Ricevere l’e-mail dalle Risorse umane: veloce, prendi subito l’appuntamento! Scarica di adrenalina quando ricevo l’appuntamento: il più rapidamente possibile. Nervosismo per controllare se ho ricevuto l’e-mail di conferma. Celebrazione virtuale: sta diventando reale. La fine è davvero in vista. Imbarazzo nel dire alla famiglia che ho un appuntamento: perché ricevo il vaccino e non mio padre di 76 anni? O una zia di 80 anni? Sorpresa e stupore per il loro sollievo alla notizia: erano davvero preoccupati per me?

Un giorno al Vaccine day: la sensazione in ospedale è quella di meraviglia e incredulità. Delizia perché il farmacista conferma che i vaccini arriveranno domani, anche se sembrano sia stupiti che stressati per la responsabilità. I pazienti stanno osservando la sensazione di meraviglia tra il personale e chiedono informazioni: gratificazione per la loro gioia, mista a un po’ di imbarazzo, ma capiscono che anche questo li tiene al sicuro. Umiltà e apprezzamento mescolati a un senso di irrealtà.
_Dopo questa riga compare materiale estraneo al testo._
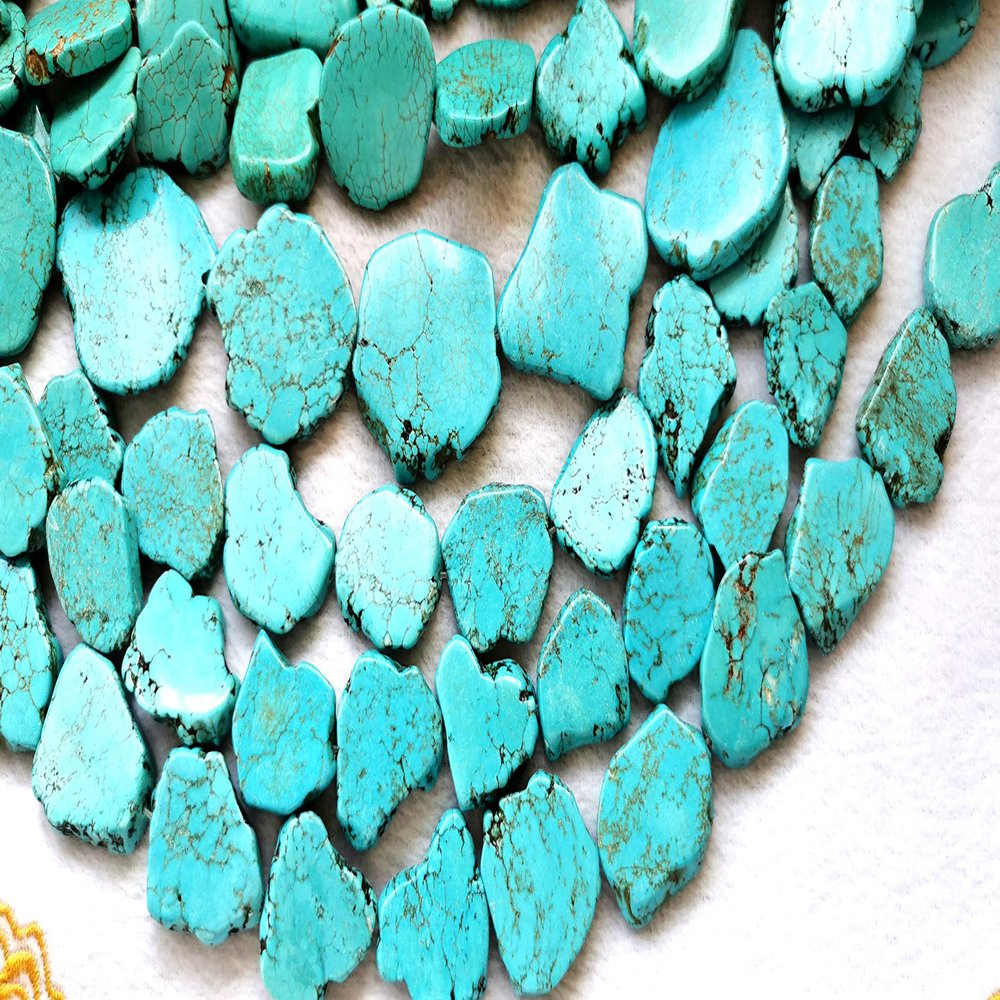 16inch Strand- Magnesite New Stone Bead DIY Matrix Turquoise - Freeform Shape Slab Slice Beads Chunky Necklace 20-60mm(2") (20-35mm)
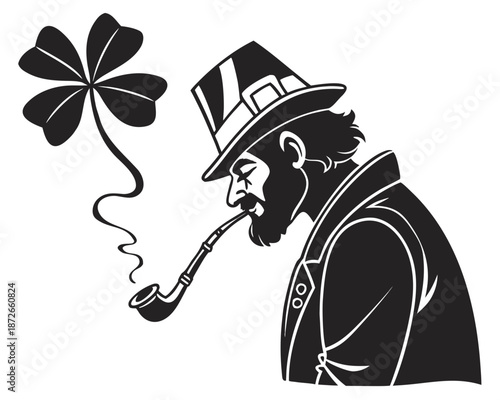 Irish Leprechaun Smoking Pipe Silhouette Vector Icon for St. Patrick’s Day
La sera prima: sembra la vigilia di Natale da bambino o il giorno prima di un esame. Celebrazione contenuta a casa e desiderio di parlare con quante più persone possibile, ma non con i non medici in quanto non sembra appropriato. Fare il check-in e riflettere con gli amici per assicurarsi che non abbiano effetti collaterali una settimana dopo: fortunati loro, quel miglioramento sta arrivando ora.

1:45 su Vaccine dose 1 day: perché sono sveglio? Logicamente so che devo tornare a dormire ed essere in forma per oggi, ma ho voglia di muovermi dalla felicità. […] Ricordare a me stesso che non siamo ancora fuori dai guai. Non abbassiamo ancora la guardia: dobbiamo restare saldi, stare al sicuro e tenere gli altri al sicuro. Come posso essere così fortunato da arrivare a questo punto senza sintomi? Sono stato così attento, ma anche altri e sono stati infettati.

Vaccine day: è necessario vestirsi per consentire facile accesso al braccio sinistro. Non ho bisogno di mostrare la biancheria intima ai miei colleghi.

Arrivo al lavoro: tanto meglio che oggi non ho compiti clinici in quanto non sono davvero in grado di concentrarmi.

Prima si vaccinano altri: bello avere un fotografo visto che è una giornata storica per l’ospedale, ma possiamo sapere i nostri turni per favore? Ottieni il vaccino: grato apprezzamento per la scienza.

Dopo, aspetta dai 15 ai 30 minuti: nessun segno di effetti collaterali.

Twittare o no: il vaccino funziona se non lo condivido sui social? Sono un po’ euforico di essere così impertinente.

Vai al parcheggio per un paio di minuti: il mondo è un posto leggermente più luminoso oggi. Quindi molto, molto grato. Grazie Scienza».

Higgins M. Il viaggio emotivo del destinatario del vaccino covid. BMJ 22 gennaio 2021.